Writers need critique of their work, at least some of it from people unrelated to them. So I’ve started thinking about finding sources of critique.

One popular source is Critique Circle, to which I’ve just signed up. It seems active and well-organized. Submitting my first critique was very straightforward. I hope that my comments on the first chapter of a fantasy novel will prove useful, and that I’ll get useful critique when the time comes.

A future post will concern the search for critique partners for my own fantasy novel-in-progress. Any comments on the fiction critique process would be welcome!

First Draft of Novel

I followed Neil Gaiman’s advice. “Write down everything that happens in the story, and then in your second draft make it look like you knew what you were doing all along.”

I think I know what I need to do to make it look as though I know what I’m doing, including character development, subplots, physical description, more (though not too much) detail about magic system,…

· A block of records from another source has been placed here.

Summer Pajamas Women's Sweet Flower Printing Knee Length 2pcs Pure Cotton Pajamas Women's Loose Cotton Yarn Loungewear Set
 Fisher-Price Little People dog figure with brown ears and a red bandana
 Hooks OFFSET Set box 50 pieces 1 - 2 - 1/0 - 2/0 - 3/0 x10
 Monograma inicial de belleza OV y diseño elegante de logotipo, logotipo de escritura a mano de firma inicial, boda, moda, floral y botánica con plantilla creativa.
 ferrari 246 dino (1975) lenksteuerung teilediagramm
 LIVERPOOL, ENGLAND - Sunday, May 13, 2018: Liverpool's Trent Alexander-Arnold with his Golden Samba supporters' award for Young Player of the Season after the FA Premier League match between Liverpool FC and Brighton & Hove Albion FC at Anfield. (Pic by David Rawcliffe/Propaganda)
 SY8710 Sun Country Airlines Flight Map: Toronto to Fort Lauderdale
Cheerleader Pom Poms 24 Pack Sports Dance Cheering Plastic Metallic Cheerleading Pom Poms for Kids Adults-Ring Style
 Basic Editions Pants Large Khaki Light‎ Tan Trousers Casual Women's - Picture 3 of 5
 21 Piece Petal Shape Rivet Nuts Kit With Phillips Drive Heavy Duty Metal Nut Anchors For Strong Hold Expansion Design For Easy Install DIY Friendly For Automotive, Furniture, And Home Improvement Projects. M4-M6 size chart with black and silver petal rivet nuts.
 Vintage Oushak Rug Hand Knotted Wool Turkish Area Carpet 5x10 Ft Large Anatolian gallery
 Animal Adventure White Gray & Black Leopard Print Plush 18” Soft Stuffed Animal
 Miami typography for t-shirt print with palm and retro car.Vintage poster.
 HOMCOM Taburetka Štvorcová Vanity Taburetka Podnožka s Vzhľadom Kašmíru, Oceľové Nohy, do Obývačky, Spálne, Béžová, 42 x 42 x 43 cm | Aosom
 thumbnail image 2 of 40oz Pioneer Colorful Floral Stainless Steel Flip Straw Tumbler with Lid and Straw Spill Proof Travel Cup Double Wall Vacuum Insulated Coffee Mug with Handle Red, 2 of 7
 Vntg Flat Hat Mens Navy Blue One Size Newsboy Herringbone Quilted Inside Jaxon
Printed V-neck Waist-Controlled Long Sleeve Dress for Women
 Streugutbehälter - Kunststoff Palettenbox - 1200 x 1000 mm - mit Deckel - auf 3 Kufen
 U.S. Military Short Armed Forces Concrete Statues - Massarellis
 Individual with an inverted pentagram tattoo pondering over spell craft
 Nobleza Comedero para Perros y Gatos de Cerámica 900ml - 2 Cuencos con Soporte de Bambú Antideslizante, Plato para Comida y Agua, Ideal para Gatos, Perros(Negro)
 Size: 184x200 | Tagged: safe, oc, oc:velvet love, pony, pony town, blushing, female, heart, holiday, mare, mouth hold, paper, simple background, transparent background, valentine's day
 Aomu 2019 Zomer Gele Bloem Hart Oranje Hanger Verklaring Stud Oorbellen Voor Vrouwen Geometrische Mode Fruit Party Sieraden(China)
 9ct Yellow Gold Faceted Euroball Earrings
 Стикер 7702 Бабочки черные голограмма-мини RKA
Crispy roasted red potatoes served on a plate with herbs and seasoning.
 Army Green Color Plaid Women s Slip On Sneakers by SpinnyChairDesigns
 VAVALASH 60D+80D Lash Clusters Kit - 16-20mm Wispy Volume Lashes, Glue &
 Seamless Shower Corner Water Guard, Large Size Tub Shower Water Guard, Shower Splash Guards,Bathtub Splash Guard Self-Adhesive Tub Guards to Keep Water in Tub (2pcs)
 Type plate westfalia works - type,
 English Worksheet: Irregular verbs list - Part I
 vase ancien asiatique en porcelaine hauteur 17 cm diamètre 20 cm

Yes, it’s a fantasy novel. Or it will be, once I’ve add the above-described stuff to arrive at the second draft.

Then I’ll need beta readers. Any volunteers? I’m open to reciprocal beta arrangements.

DNF’d, Then Did Finish: Strange?

Strange the Dreamer caught my attention due to positive reviews and sounding like my kind of book. I enjoyed the early chapters, in which Lazlo Strange talks his way onto the Godslayer’s expedition to the lost city of Weep.

I found less interesting the chapters in which we meet the other main characters, the Godspawn. I DNF’d after about 200 pages (or what would be about 200 paper pages: I have the ebook).

The book takes off just after that point, in Chapter 26 (of 67). The main Godspawn character sees Lazlo, then meets him in a very interesting and superbly-written way. I found this out when I decided to give Strange the Dreamer another try.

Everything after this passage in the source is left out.